Mexico City.- The Rapid Response Labor Mechanism of the Treaty between Mexico, the United States and Canada (T-MEC) is an instrument that is abused, so it is necessary to regulate its application, said Oscar de la Vega, legal representative of Volkswagen of Mexico.
The lawyer said the defendant companies do not know which groups are accusing them and have no opportunity to defend themselves.
“In the review of the USMCA, in 2026, it is necessary to regulate the Rapid Response Mechanism, in the sense that the companies involved are in a total and absolute state of defenselessness. Since it is not regulated, they do not know who accuses them, who triggers the Mechanism, they can be anonymous, they are confidential by the US Government, it does not tell you who are those who trigger it,” said De la Vega after the Governments of Mexico and the United States announced that the complaint against the shipbuilder had been resolved. “You cannot see the evidence they are offering, you cannot object to it, you cannot cross-examine the witnesses and people who participate in the investigations of the US Government, and you can be sanctioned without having been heard, which is the guarantee of due process,” he said in an interview.
VW was the subject of a complaint via the Rapid Response Labor Mechanism by the Network of Women Trade Unionists, which accused the company of having fired a group of workers for their union activity.
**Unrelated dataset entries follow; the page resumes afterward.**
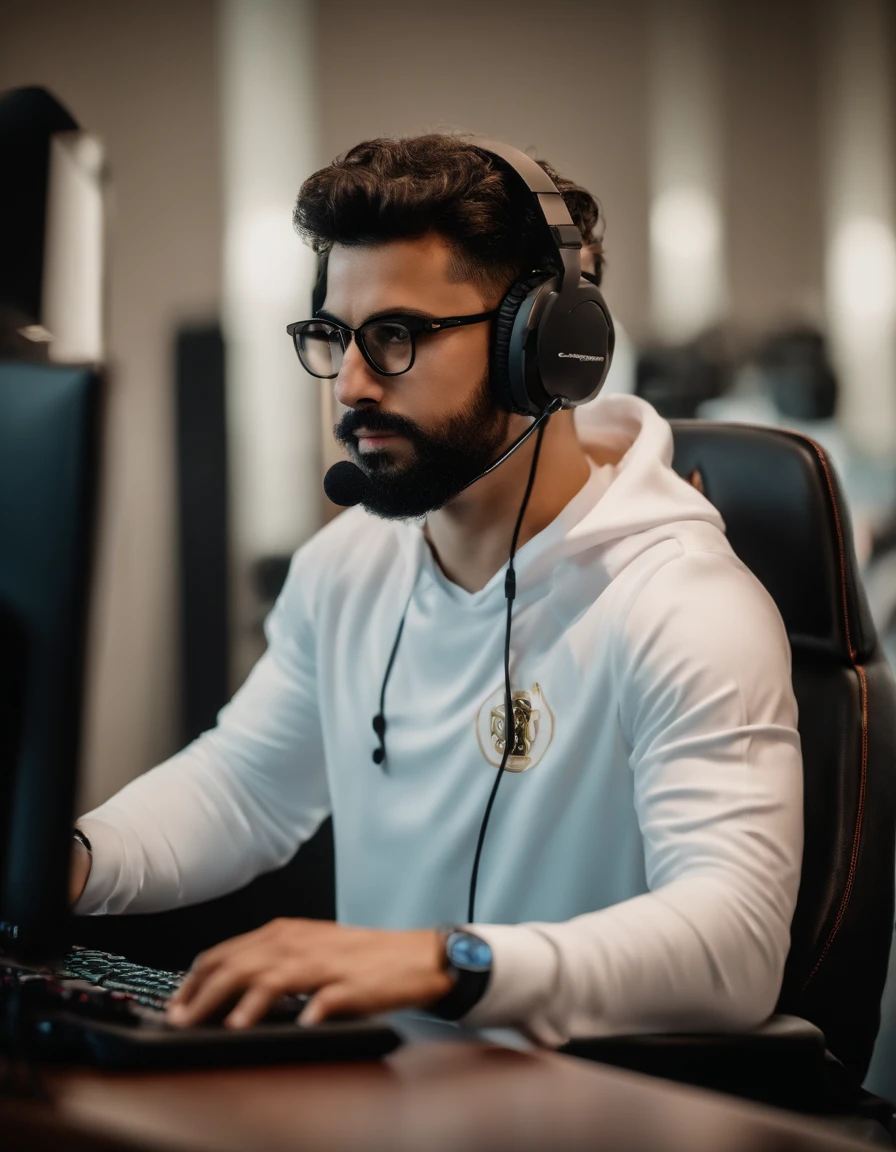 cinematic portrayal, parte superior do corpo, rosto, facing the audience, (realidade :1.3), uma das obras mais bonitas do mundo, A man looks at the camera, trajes time e-Sports, (Modern clothing with the look of an esports team and headphones :1.4), rosto bonito detalhado(barba, eyeglass, cabelo cacheado), Action Shooting, Fundo campo de futebol, fotos realistas, CG, Art Station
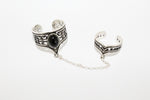 Double ring silver 925 black onyx Adjustable rings with chain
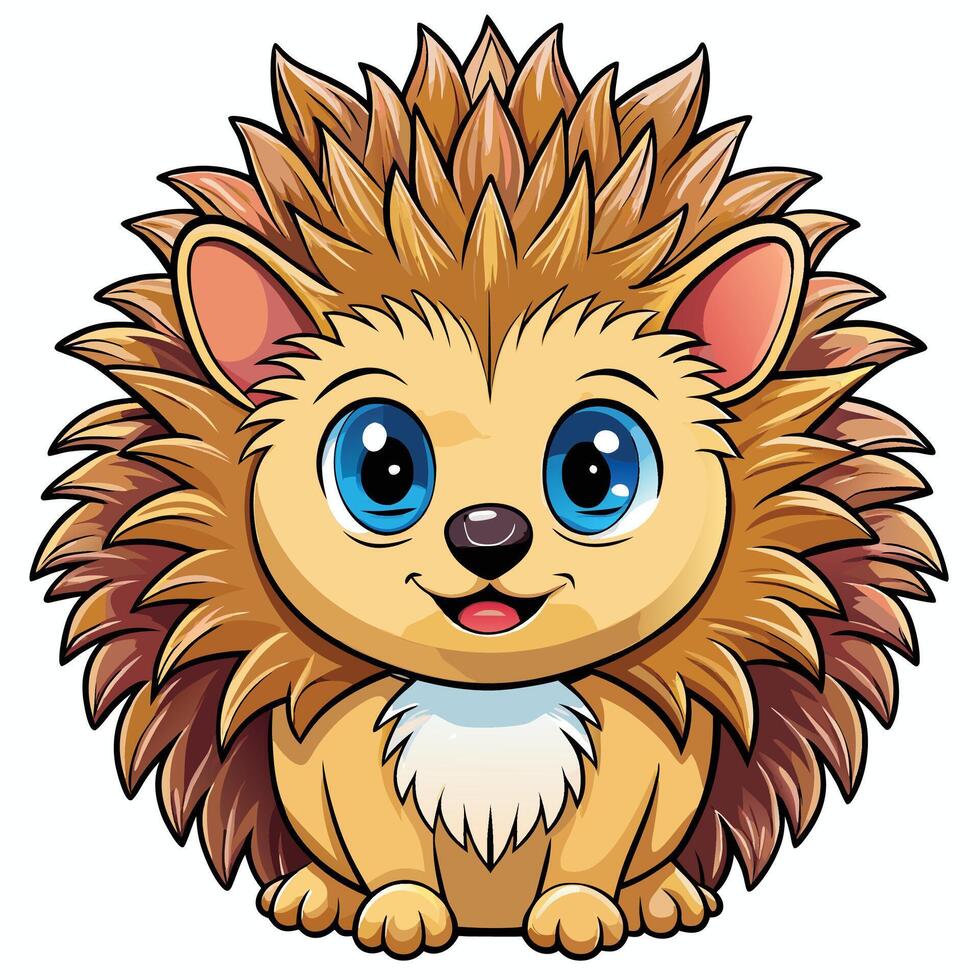 cute hedgehog illustration vector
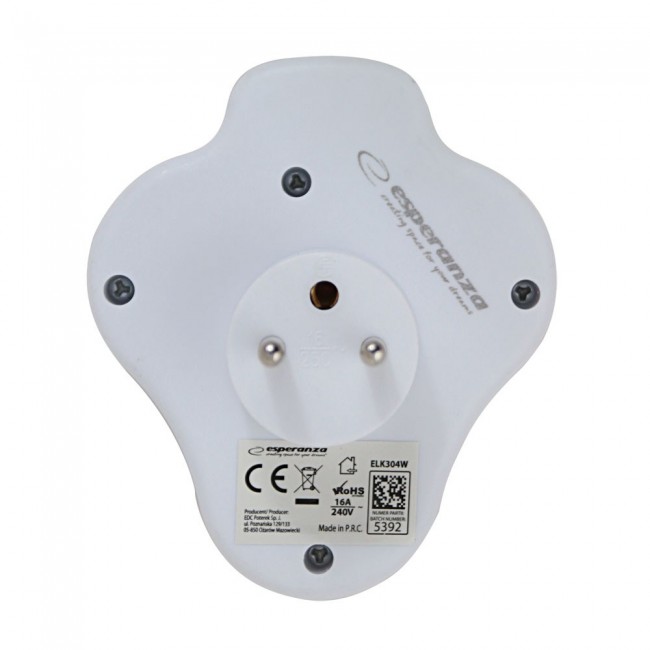 Esperanza ELK304W Electrical Splitter 3 sockets switch White
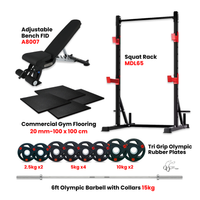 Thumbnail for MDL 65 Squat Rack Combo with Plates Bench and Flooring - Bundle Offer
Following an investigation, the United States government accepted the labor complaint, considering that there had been violations of the rights of association and collective bargaining. “The Network of Women Trade Unionists said that there was a pattern of firing all union leaders, but there is no such pattern, it does not exist, and the Mexican government investigated it and determined that there was no such pattern,” said De la Vega. However, to close the complaint, the company committed to carry out a series of measures, such as reinstating and granting retroactive salaries and full benefits to eight workers who had been fired, in addition to publishing, disseminating and implementing its declaration of neutrality and the company’s guidelines on freedom of association and collective bargaining. De la Vega emphasized that regulations are required for the Mechanism to function better. “In these proceedings you feel like you are in the trials of the Holy Inquisition: you don’t know why you are being accused or who is accusing you. This trial (against Volkswagen) was resolved correctly and there was no denial of freedom of association,” he said.